Univariate Exploratory Analysis Tools

summary() shows lots of good info about a variable’s distribution (also works to summarize other objects)

summary(iris$Sepal.Length)

##    Min. 1st Qu.  Median    Mean 3rd Qu.    Max. 
##   4.300   5.100   5.800   5.843   6.400   7.900

summary(iris$Species)

##     setosa versicolor  virginica 
##         50         50         50

Univariate Exploratory Analysis Tools

str() shows variable classes (important!) and some values

str(iris)

## 'data.frame':    150 obs. of  5 variables:
##  $ Sepal.Length: num  5.1 4.9 4.7 4.6 5 5.4 4.6 5 4.4 4.9 ...
##  $ Sepal.Width : num  3.5 3 3.2 3.1 3.6 3.9 3.4 3.4 2.9 3.1 ...
##  $ Petal.Length: num  1.4 1.4 1.3 1.5 1.4 1.7 1.4 1.5 1.4 1.5 ...
##  $ Petal.Width : num  0.2 0.2 0.2 0.2 0.2 0.4 0.3 0.2 0.2 0.1 ...
##  $ Species     : Factor w/ 3 levels "setosa","versicolor",..: 1 1 1 1 1 1 1 1 1 1 ...

Univariate Exploratory Analysis Tools

vtable() in vtable is a more readable and flexible version of that. lush = TRUE for more info

library(vtable)
vtable(iris, lush = TRUE)

iris
Name	Class	Values	Summary
Sepal.Length	numeric	Num: 4.3 to 7.9	mean: 5.843, sd: 0.828, nuniq: 35
Sepal.Width	numeric	Num: 2 to 4.4	mean: 3.057, sd: 0.436, nuniq: 23
Petal.Length	numeric	Num: 1 to 6.9	mean: 3.758, sd: 1.765, nuniq: 43
Petal.Width	numeric	Num: 0.1 to 2.5	mean: 1.199, sd: 0.762, nuniq: 22
Species	factor	‘setosa’ ‘versicolor’ ‘virginica’	nuniq: 3

Univariate Exploratory Analysis Tools

sumtable() in vtable is a full table of summary statistics

sumtable(iris)

Summary Statistics
Variable	N	Mean	Std. Dev.	Min	Pctl. 25	Pctl. 75	Max
Sepal.Length	150	5.843	0.828	4.3	5.1	6.4	7.9
Sepal.Width	150	3.057	0.436	2	2.8	3.3	4.4
Petal.Length	150	3.758	1.765	1	1.6	5.1	6.9
Petal.Width	150	1.199	0.762	0.1	0.3	1.8	2.5
Species	150
… setosa	50	33.3%
… versicolor	50	33.3%
… virginica	50	33.3%

Univariate Exploratory Analysis Tools

Moving on to graphical tools! In ggplot, geom_density() and geom_histogram() can both show full distributions (when might this not be useful?)

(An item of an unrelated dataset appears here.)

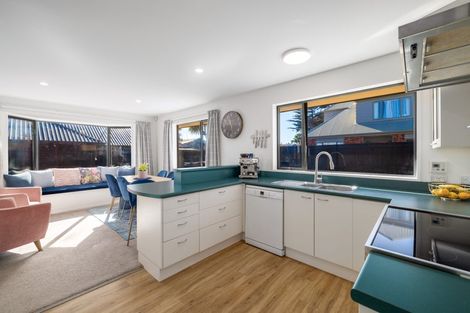 Photo of property in 4 Palmgrove Lane, North New Brighton, Christchurch, 8083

ggplot(iris, aes(x = Sepal.Length)) + geom_density()

Univariate Exploratory Analysis Tools

Boxplots aren’t for general-audience consumption but they show some easy summary statistics

ggplot(iris, aes(x = Sepal.Length)) + geom_boxplot() + coord_flip()

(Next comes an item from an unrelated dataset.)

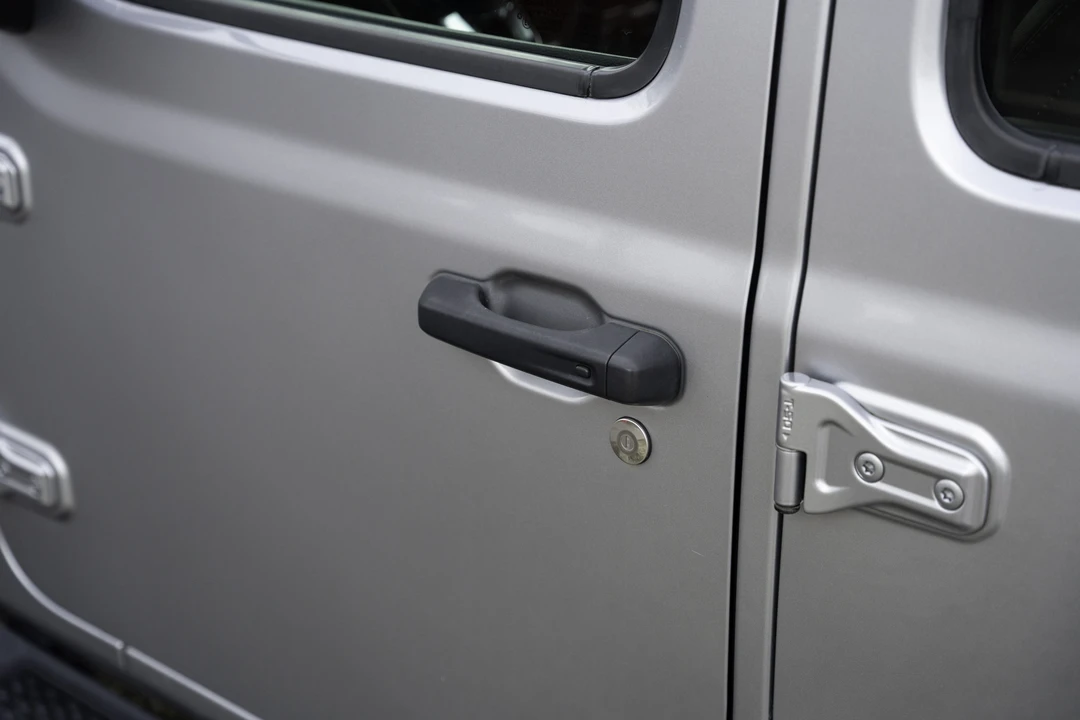2020 Jeep JL Wrangler - Image 18 of 31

Univariate Exploratory Analysis

Load the gov_transfers data from the causaldata package
Read the docs! help(gov_transfers)
Explore the variables that are in there on a univariate basis

Multivariate Exploratory Analysis

We want to know how variables are related in multivariate analysis
Again, fit the analysis to the context. Don’t treat a continuous variable as a factor, and if you treat a discrete variable as continuous know that a scatterplot won’t work! etc.
Don’t just fire and forget. Think about whether the output is actually informative.
more than 2 variables are possible too! Just add more groups/aesthetics.

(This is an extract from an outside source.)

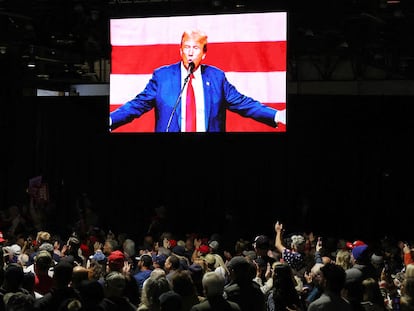 El expresidente Donald Trump durante su intervención en un acto de campaña para las elecciones presidenciales de 2024 en Reno (Nevada), el pasado 17 de diciembre.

Multivariate Exploratory Analysis Tools

For continuous vs. continuous, nothing wrong with starting with a linear correlation!
Bivariate OLS is just a rescaled correlation

cor(iris$Sepal.Length, iris$Sepal.Width)

## [1] -0.1175698

lm(Sepal.Length ~ Sepal.Width, data = iris)

## 
## Call:
## lm(formula = Sepal.Length ~ Sepal.Width, data = iris)
## 
## Coefficients:
## (Intercept)  Sepal.Width  
##      6.5262      -0.2234

Multivariate Exploratory Analysis Tools

If one variable is discrete or a factor, don’t underestimate plain ol’ group_by() %>% summarize()
In fact, many headaches of trying to get R to do something for you can be avoided by just doing group_by() %>% summarize() yourself
Don’t forget na.rm = TRUE as appropriate

iris %>%
  group_by(Species) %>%
  summarise(mean.SL = mean(Sepal.Length, na.rm = TRUE),
            sd.SL = sd(Sepal.Length, na.rm = TRUE))

## # A tibble: 3 × 3
##   Species    mean.SL sd.SL
##   <fct>        <dbl> <dbl>
## 1 setosa        5.01 0.352
## 2 versicolor    5.94 0.516
## 3 virginica     6.59 0.636

Multivariate Exploratory Analysis Tools

sumtable has a group option for the same purpose (note summ can customize the summary functions)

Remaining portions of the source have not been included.